Foot problems abound among high-heel wearers. Bunions, hammertoes and corns, and downward-sloping, pointed-toe shoes are a match made in hell. Most podiatrists say high heels aggravate rather than cause such problems. However, Konner reported in the case of bunions that the ratio of women to men who suffer from them is estimated to be 40-to-1 -- an aggravating statistic indeed.

To treat these painful misalignments of the big-toe joint, male sufferers simply choose a wider shoe to accommodate the abnormalities. Women, whose dress shoes demand rather than accommodate, often undergo debilitating surgery, keeping them out of all but a wooden shoe for up to eight weeks. The ultimate goal of these Olympian office workers -- to get back into high heels without pain.

The high-heeled norm for business women admits few exceptions. Jane Rogers, a legal secretary in the District, works in an office of 60 women. She says a de facto dress code mandates heels for virtually all female employees, and is especially strict for women going up the professional or managerial ladder. "It's about the same pressure teenagers feel," she admits candidly.

Says Alexandria podiatrist Annu Goel: "It's incredible. At least a 1 1/2-inch heel." Regardless of the health of their feet, women feel compelled to wear heels. "I've had women come in and actually cry saying 'I have to give a presentation (at work),' " says Goel.
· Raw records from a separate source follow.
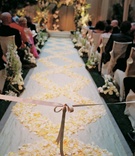 Aisle Runner
Photography: John Solano Photography
Read More:
http://www.insideweddings.com/weddings/star-studded-beverly-hills-wedding-with-casino-game-entertainment/153/ White aisle runner decorated with white and yellow rose petals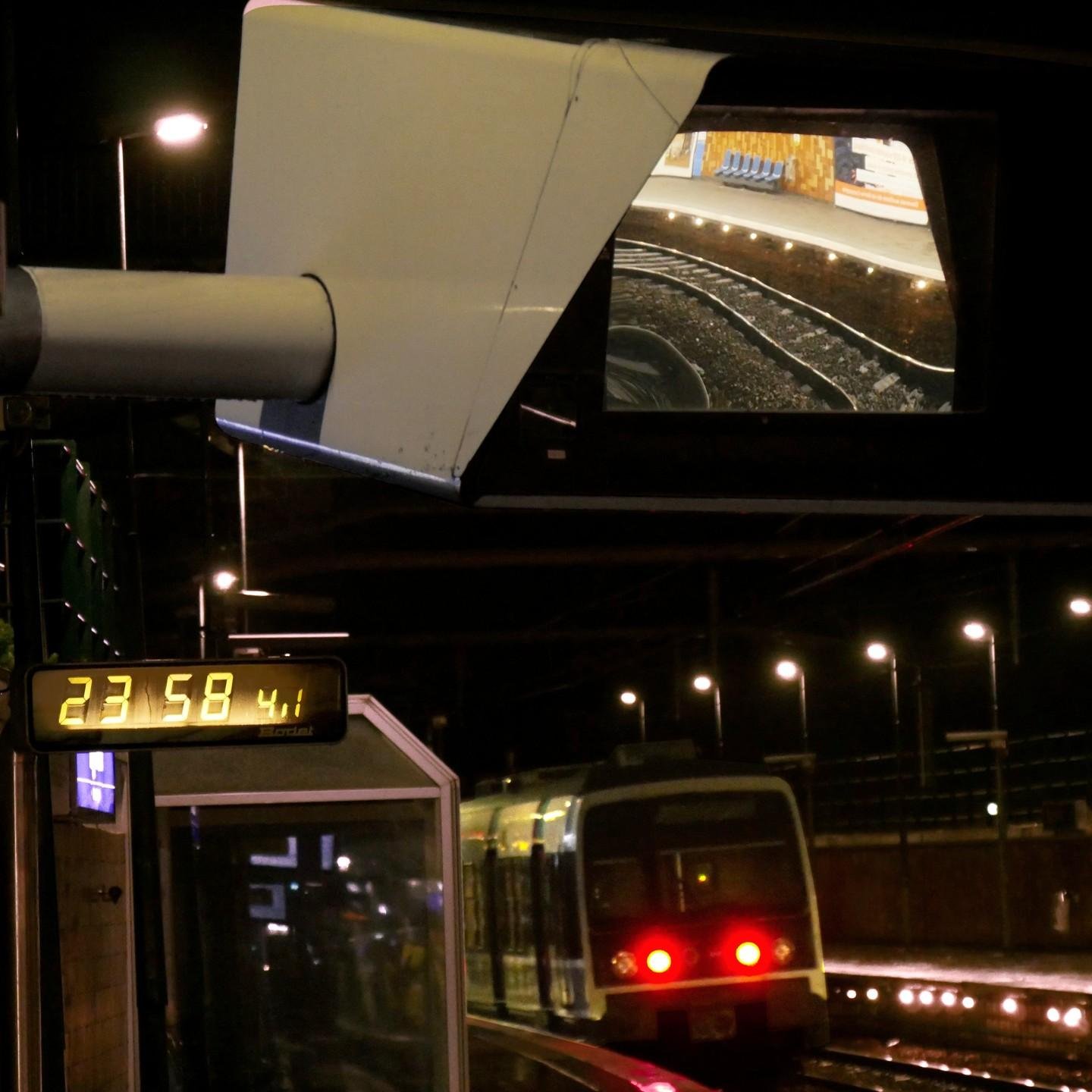 The image shows a train platform at night. A train is running away, and there are various lights illuminating the area. A prominent feature is a large miror displaying a section of the tracks and platform. Additionally, a digital clock shows the time as 23:58.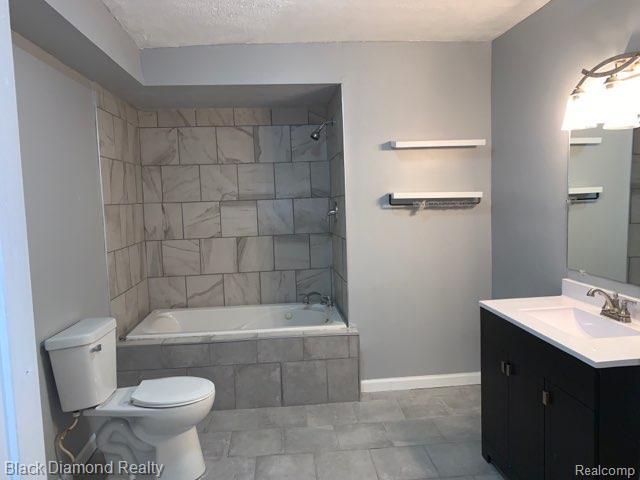 18499 Gruebner St, Detroit, MI 48234 - full bathroom with toilet, vanity, baseboards, tiled shower / bath, and a textured ceiling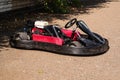 Red racing kart without a racer in a parking lot of a circuit for a ring race Royalty Free Stock Photo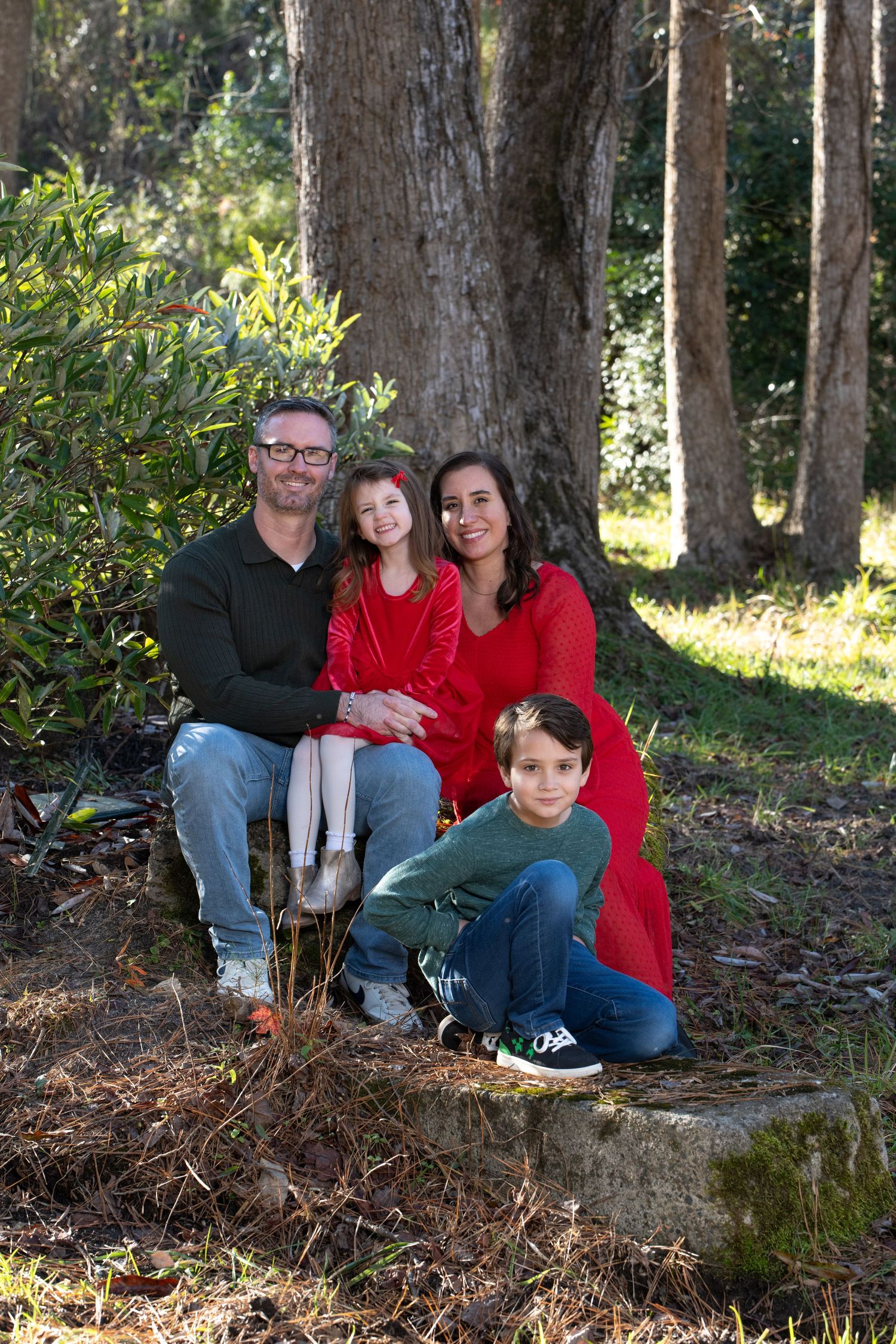 Family of four posing outdoors in a wooded setting, parents and two children wearing red and green for a holiday portrait.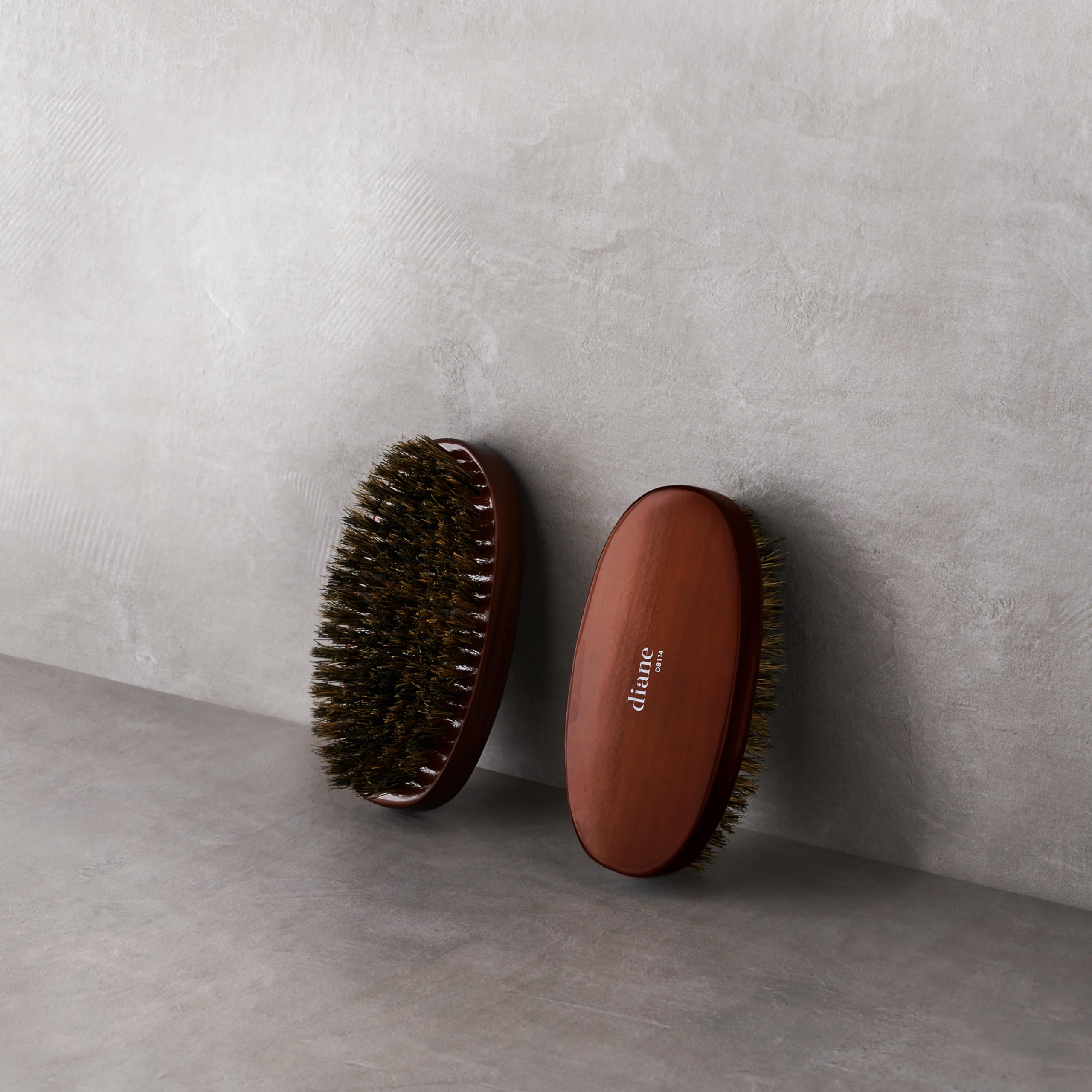 Diane Premium Boar Military Wave Brush distributes oils for shine.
For executive women, however, there seems to be greater latitude. "Once you've made partner you can afford to be comfortable," says Rogers. Goel believes women in higher-status positions tend to be more health conscious and less intimidated.

Beyond the office, shoe lines such as Easy Spirit, Rockport, and Naturalizer now offer high heels with shock-absorbing soles. Whether the strong sales posted by these and other manufacturers of the so-called "comfort pump" are a sign of women's increasing ability to chart their own foot destiny is unclear.

For podiatrist Anne Furman also of Alexandria, the comfort boom seems to suggest just the opposite. "Women must feel pressured if they go out and buy three pairs of $80 to $90 "Walking Pumps" -- Rockport's entry in the comfort race.

Meanwhile, women may consider organizing what Furman calls "a woman's comfortable shoe day." If they have to work twice as hard to be half as good, women deserve a well thought-out shoe.

Freelance writer Laura Bean doesn't wear high heels.